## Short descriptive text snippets
━━━━━━━━━━

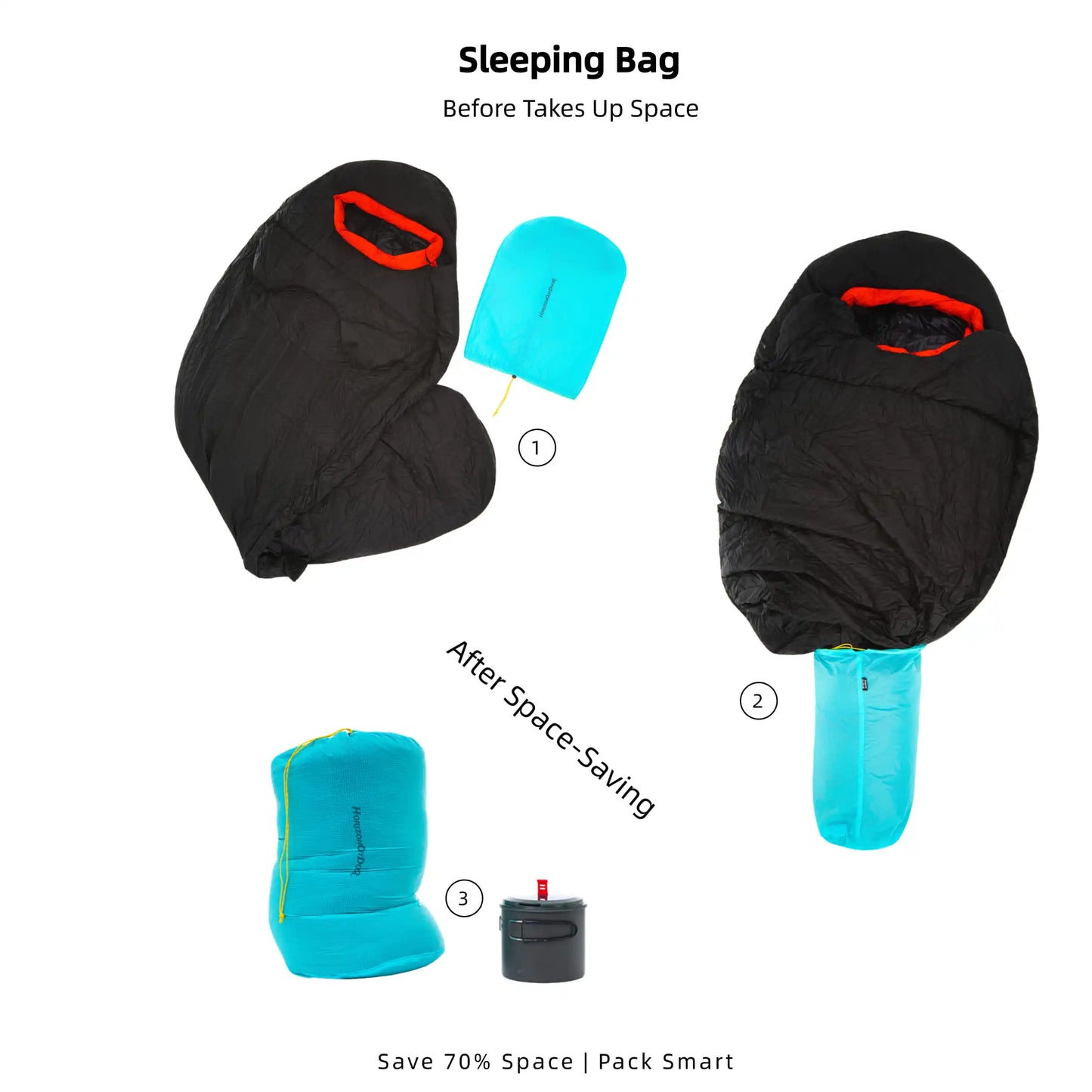 [HODR] Ultralight Stuff Sack Ultra-SIL Ripstop Water-Resistant Ultralight Ditty Bags Drawstring for Traveling Hiking Backpacking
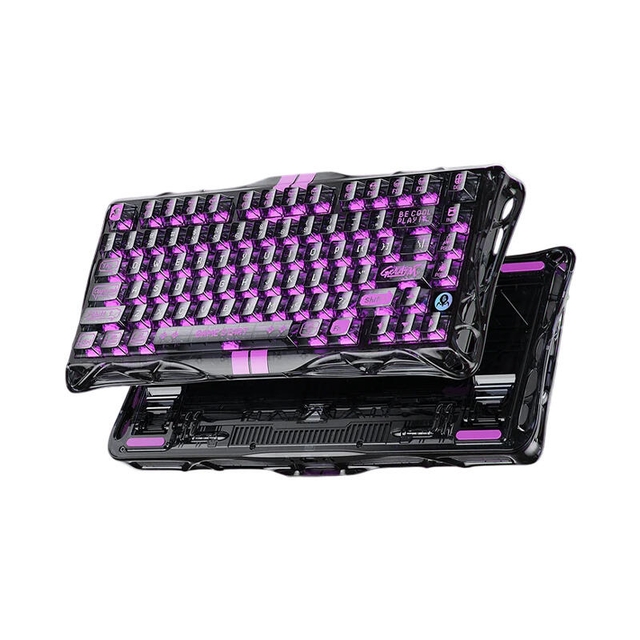GravaStar Gaming Keyboard Mercury V75 Lite 75% Hall Effect Magnetic Switch Transparent black
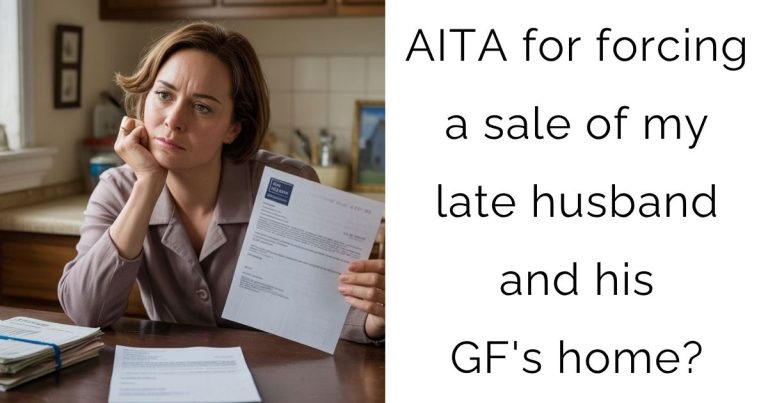 AITA for forcing a sale of my late husband and his girlfriend’s home?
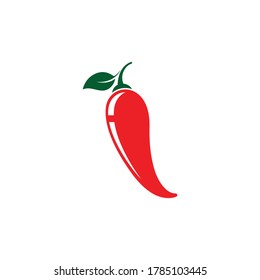 Diseño de ilustraciones de iconos vectoriales de Hot Chili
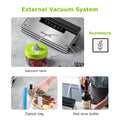 Bonsenkitchen Vacuum Sealer, Stainless Steel Powerful Food Sealer with 5 Modes, Built-in Cutter and Bag Storage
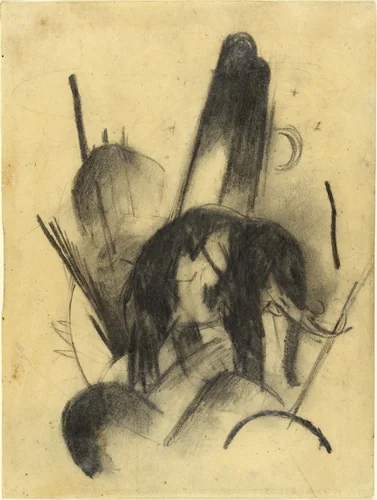 Elephant (Elefant) by Franz Marc, drawing, 1913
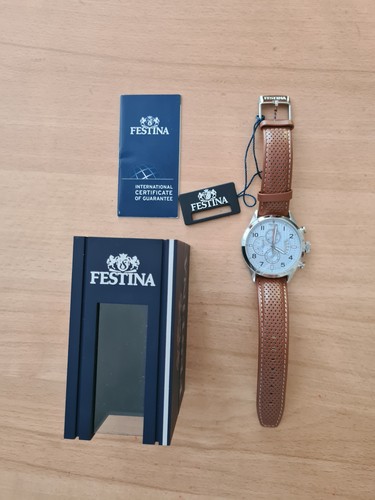 Festina chronograph armbanduhr - chronograph,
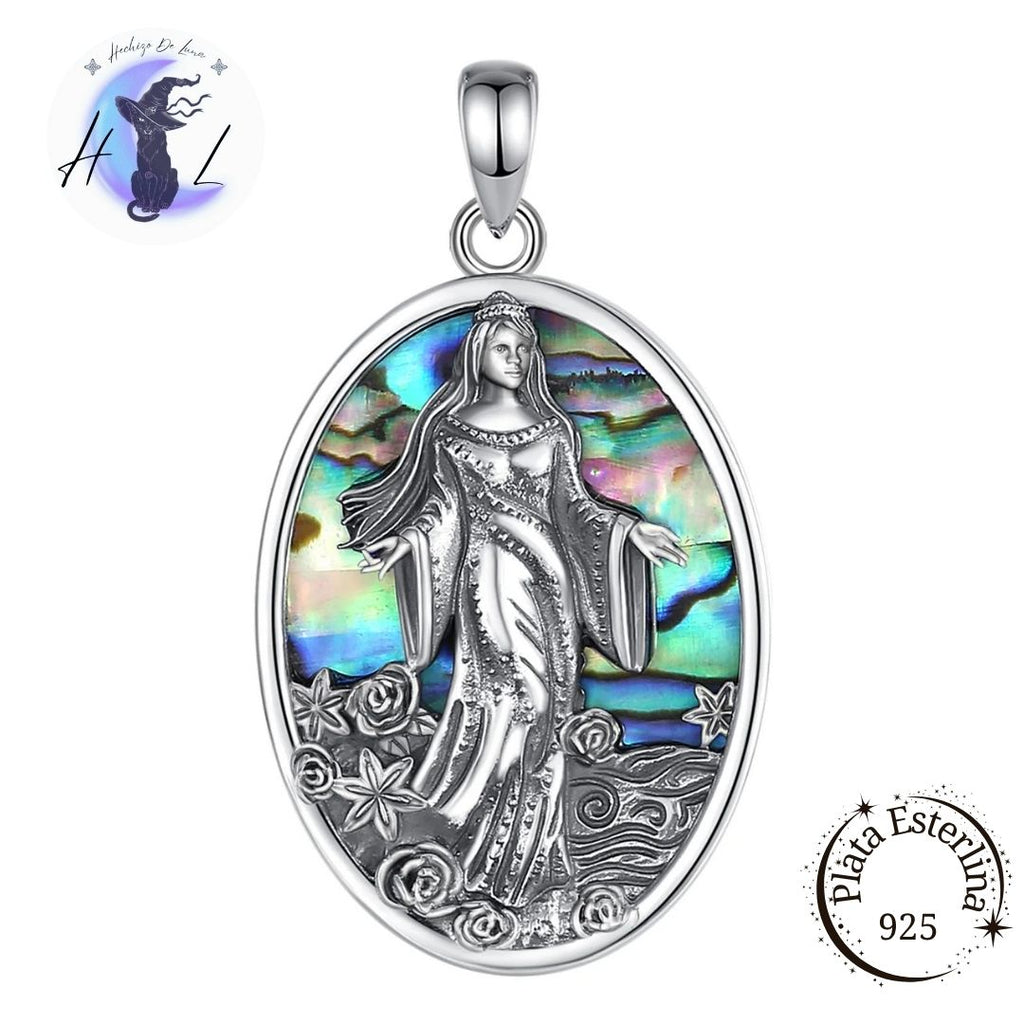 Colgante De Plata, Diosa Del Mar Yemayá.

━━━━━━━━━━

## ACTIVITY
Copy out the entries exactly as they stand, omitting the images.

## TASK RESULT
 [HODR] Ultralight Stuff Sack Ultra-SIL Ripstop Water-Resistant Ultralight Ditty Bags Drawstring for Traveling Hiking Backpacking
GravaStar Gaming Keyboard Mercury V75 Lite 75% Hall Effect Magnetic Switch Transparent black
 AITA for forcing a sale of my late husband and his girlfriend’s home?
 Diseño de ilustraciones de iconos vectoriales de Hot Chili
 Bonsenkitchen Vacuum Sealer, Stainless Steel Powerful Food Sealer with 5 Modes, Built-in Cutter and Bag Storage
 Elephant (Elefant) by Franz Marc, drawing, 1913
 Festina chronograph armbanduhr - chronograph,
 Colgante De Plata, Diosa Del Mar Yemayá.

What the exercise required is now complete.